Aside from us there were several Japanese getting ready for their hike with complete set of gears. So much different since we just wore normal casual clothing. I looked around trying to find out more information about the hiking trail, which conveniently written on several information boards so it was not that hard to find a way. Plenty of hiking trails originate from here. There was one particular trail along the river leading to Yamadera, so we took that one.
This trail lead us to cross the bridge on the above photo, down to the river trail about 30 meters below the bridge. There was a small path lined with logs to provide stepping spots and wooden planks above scaffolding jutting out from the cliff. Only mere minutes into the trail and we found one large waterfall in plain sight. The sound of the water splashing against the rocks was really like music to me. The trail in front of the waterfall was narrow and precarious, but I could not help to think that it was really well made; sometimes it is molded out of concrete and has rope guard for safety.
Along the trail there were several spots where we had to cross the river to get to the opposite riverbank. These were some sort-of arch wooden bridges ensuring safe passage to the other side and I was genuinely impressed by their existence. Yamagata city government sure has quite spent efforts in creating and maintaining the hiking trails around the area.
Further along the river there were points where we had to slowly tread and lean our backs against the cliff because the path was so narrow it could barely fit a normal-sized adult. When I gazed onto the river I was impressed by the clarity of the water as I could see the bottom just fine. I felt like dipping my feet onto that cold water.
After passing a slippery, needle-like passage we came into the view of the second waterfall. It was unreachable and well-hidden behind the bushes, but its trickling water streamed into the river gently across the trail. We spent some time playing with the cold water here and carried on.
Behind the protruding large cliff not so far from the second waterfall we could hear another waterfall ahead. The third waterfall was the best in my opinion because it was located on a small clearing and the base was easy to access. It was not a big waterfall that you could stand beneath it and pretend that you are on some kind of make-believe meditation slash kung-fu training, but it was a beautiful one indeed.
The trail ended when we had to pass through a square tunnel and arrived in the edge of the forest where there were plenty of cut logs lying around. We spent almost 2 hours for a trail that was supposedly manageable in 1 hour time because we stopped here and there to admire the nature (that, and I really took my sweet time taking the pictures =D ).
Although the trail has ended, we were nowhere near Yamadera yet. As shown on the station map earlier, the trail does not actually extend all the way to Yamadera but instead only goes as far as one-third of the distance between Omoshiroyama-kogen and Yamadera. We followed the small road cutting through the forest near the trail exit to reach the temple complex, which took us around one and half hours.

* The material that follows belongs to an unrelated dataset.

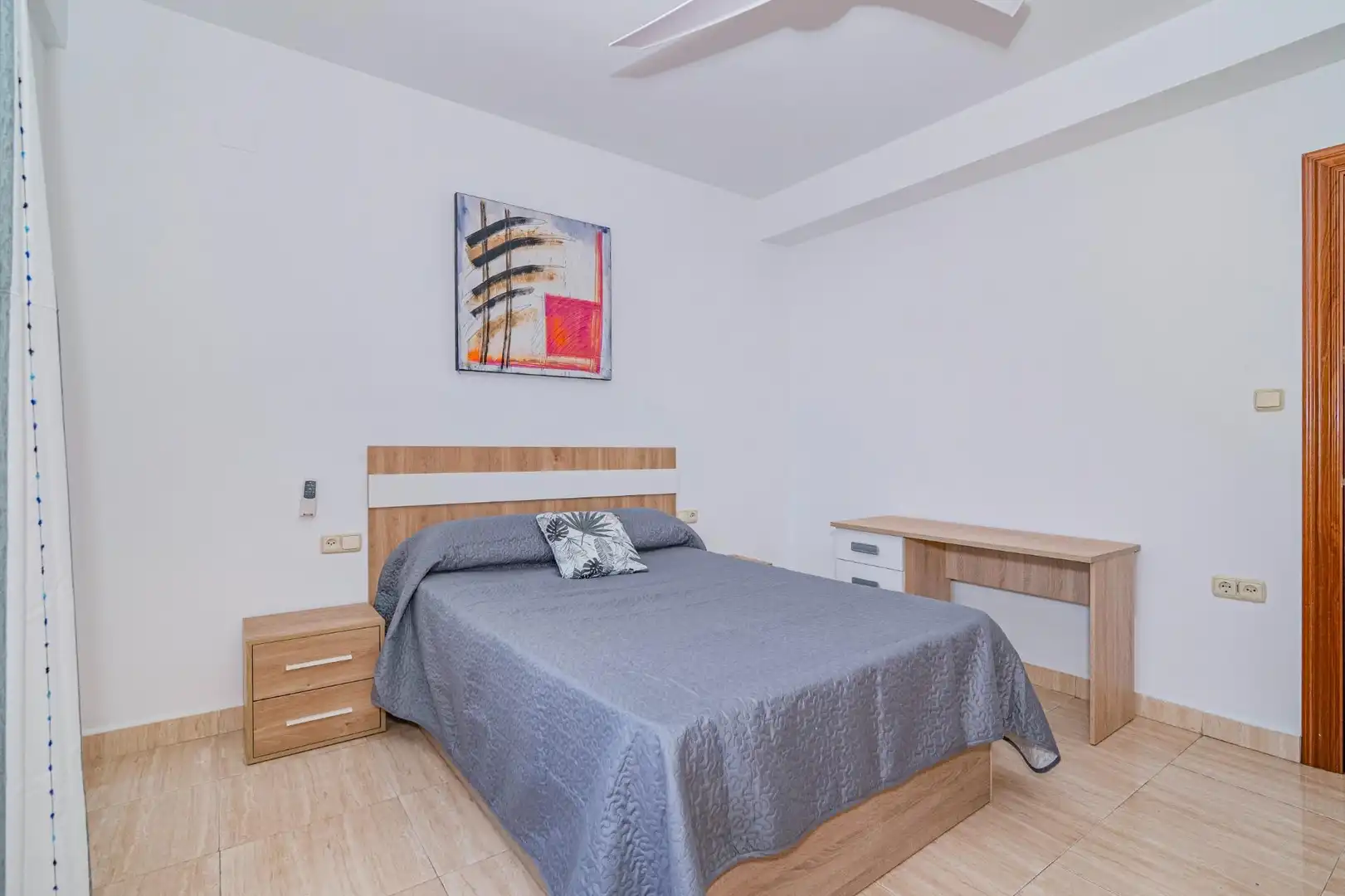 Bedroom of Flat for sale in Granada  with Air Conditioner, Heating and Terrace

The road is rarely used as we passed by only a handful of cars on the way to civilization.
In Yamadera we first stopped to fill our stomach for lunch then decided to go climbing the stone steps for the mountainside temple. As I said before I have been to Yamadera twice before but they were as part of big group trips where I did not have ample time to explore freely. This time I made sure I went into all the nooks and crannies.
The best part was, when we finally reached the mountain peak where the main temple resides, the clouds have moved and the weather was sunny. The valley seen from the observation deck was the greenest sight I have ever since, very much different from the time I went during autumn season. I guess I would have to try going to Yamadera again on winter and spring just to complete the four-season journey.
This concludes my writing about ‘hiking’ in Yamadera. Due to my affinity to nature and hiking, in the future if I have the opportunity I would write more posts about hiking in Japan. So stay tuned!
From JR Sendai station take JR Senzan line to Yamagata and alight in Omoshiroyama-kogen. One way trip costs ¥760. Once you got to the station there were several hiking trails. Follow the one that leads towards Yamadera.